The magnetic environment of Earth is strongly influenced by the Sun and its activity, and it is nowadays recognized to be a highly interlinked system whose variability is known as space weather. The ability to forecast its evolution relies on our understanding of the physical processes that take place on the Sun, such as flares and coronal mass ejections (CMEs). In recent years, magnetic helicity has become an attractive, seemingly viable, and promising candidate for the general description and interpretation of many solar events relevant to space weather. In particular, the conservation properties of helicity under typical solar conditions justifies its use as a tracer during different phases of the life of twisted, tangled magnetic structures, from their formation below the photosphere, to their stability properties in the coronal atmosphere, to their propagation in interplanetary space as ICME. Such a powerful description requires a deep understanding of the properties of magnetic helicity, and accurate methods for its estimation. In spite of the first applications to solar observations already appearing in the literature, no systematic effort has been placed so far in order to assess the reliability of methods for the estimations of magnetic helicity.

The goal of the proposed working group is to redefine the state of the art of existing methods for the estimation of magnetic helicity, based both on photospheric injection, inferred photospheric magnetic connectivity, and volume computations.
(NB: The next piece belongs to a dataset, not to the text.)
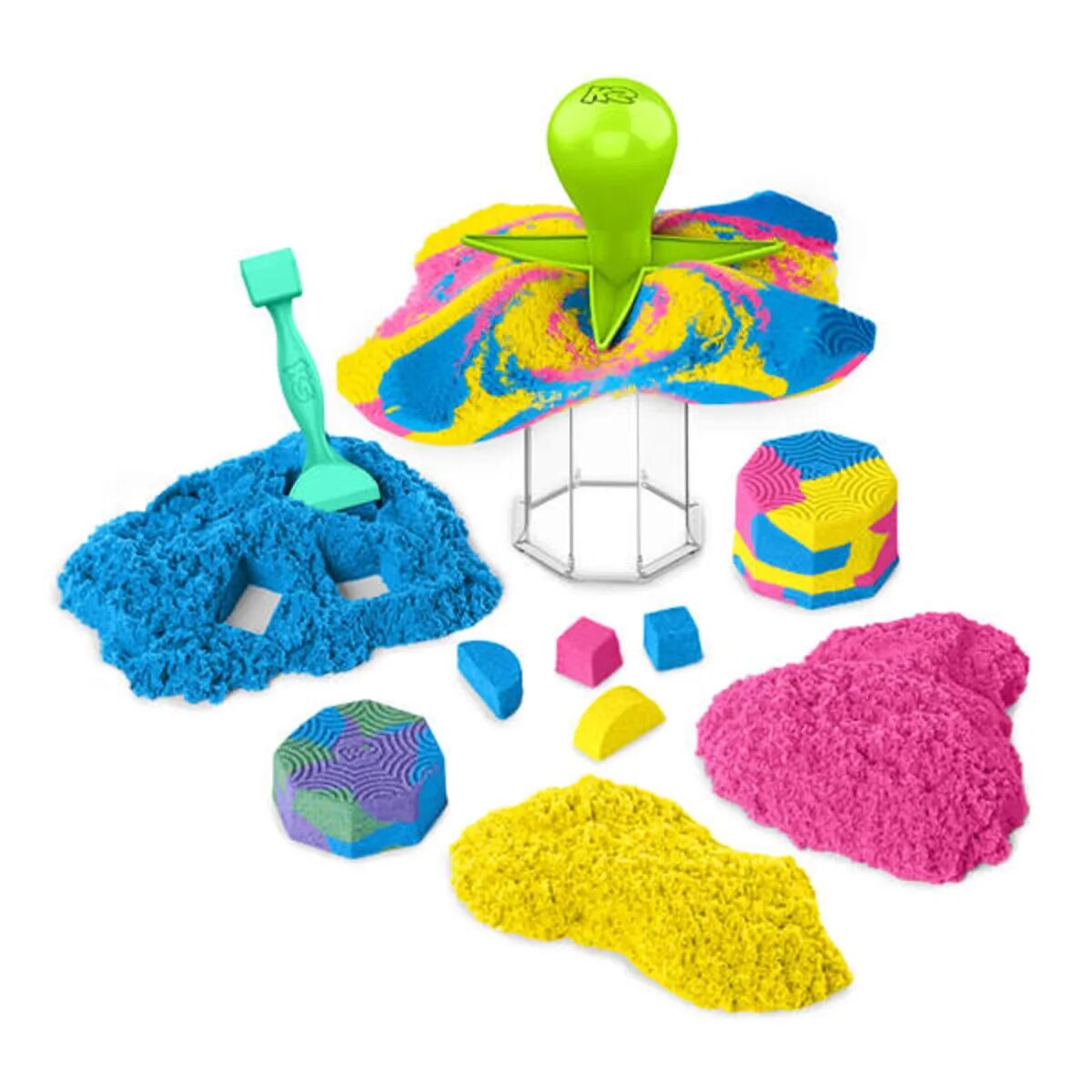 Spin Master Kinetic Sand - Squish N Create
The comparison between different methods will firstly exploit few numerical test cases that are used in the literature for modeling solar events. This first part of the project is aimed at assessing the accuracy of different methods in a controlled environment. Secondly, we will apply the methods to actual observations, using models of the coronal atmosphere and active regions where necessary (eg., obtained using nonlinear force-free extrapolation). Such a comparison of methods for the estimations of magnetic helicity has never been thoroughly performed yet. By supporting this project, ISSI would therefore provide an unique opportunity for the proposed group of international scientists, who are experts in helicity estimations, to test the practical significance of this physical quantity for space weather predictions.

To this aim, we propose to set up an international team consisting of eight (8) experts representative of the state-of-the-art techniques of magnetic helicity estimations in the solar atmosphere. In a series of three meetings, we plan to compare different methods within a coherent framework using model and observational test cases, and to provide the solar community with thorough and accurate reference works on helicity estimations in solar observations.